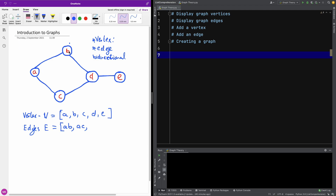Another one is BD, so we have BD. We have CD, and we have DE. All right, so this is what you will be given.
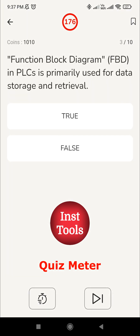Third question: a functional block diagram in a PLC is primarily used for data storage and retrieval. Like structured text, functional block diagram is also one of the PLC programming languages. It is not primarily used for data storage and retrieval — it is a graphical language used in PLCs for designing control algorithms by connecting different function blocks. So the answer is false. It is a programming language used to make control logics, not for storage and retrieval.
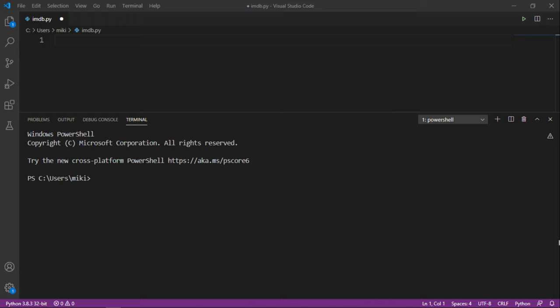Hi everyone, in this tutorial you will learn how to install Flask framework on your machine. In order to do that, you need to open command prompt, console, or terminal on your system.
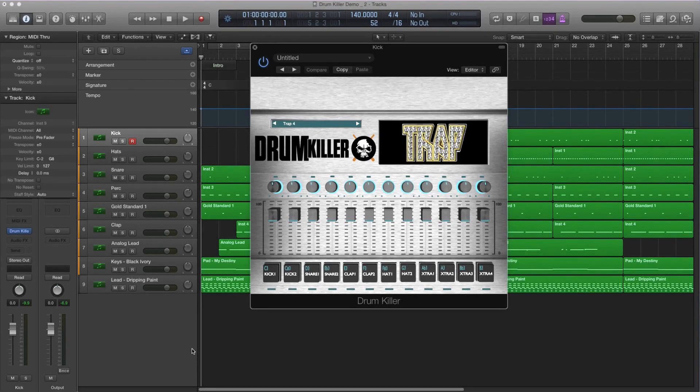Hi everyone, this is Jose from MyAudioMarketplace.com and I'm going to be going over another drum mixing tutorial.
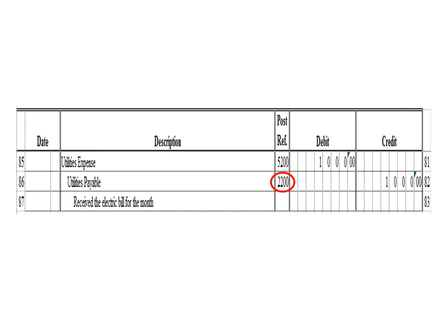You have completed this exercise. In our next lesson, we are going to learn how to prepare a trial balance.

□ □ □ □ □

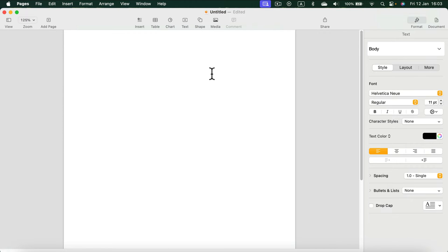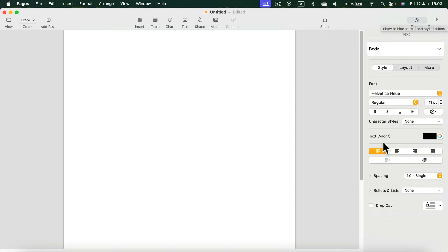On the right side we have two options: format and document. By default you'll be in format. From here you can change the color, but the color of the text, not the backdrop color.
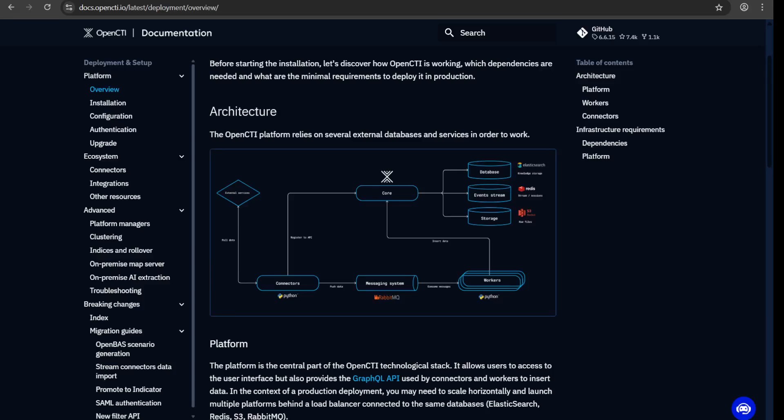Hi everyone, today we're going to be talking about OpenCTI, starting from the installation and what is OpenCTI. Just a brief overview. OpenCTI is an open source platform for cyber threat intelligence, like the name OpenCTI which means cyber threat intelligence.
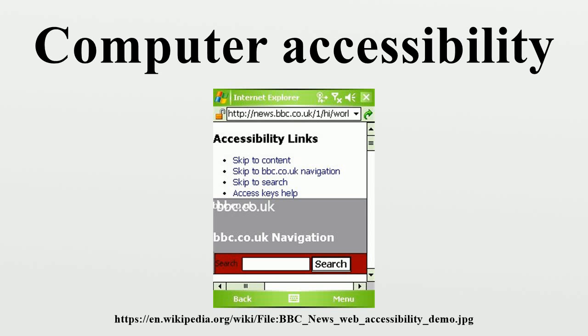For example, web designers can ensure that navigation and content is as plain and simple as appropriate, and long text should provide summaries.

□ □ □ □ □

### How to complete this task
When you reach the line holding "Hi everyone, today" in the listing above, begin retyping exactly, and stop once the line holding "For example, web" is done; pictures stay out.

### Exercise result
Hi everyone, today we're going to be talking about OpenCTI, starting from the installation and what is OpenCTI. Just a brief overview. OpenCTI is an open source platform for cyber threat intelligence, like the name OpenCTI which means cyber threat intelligence.
For example, web designers can ensure that navigation and content is as plain and simple as appropriate, and long text should provide summaries.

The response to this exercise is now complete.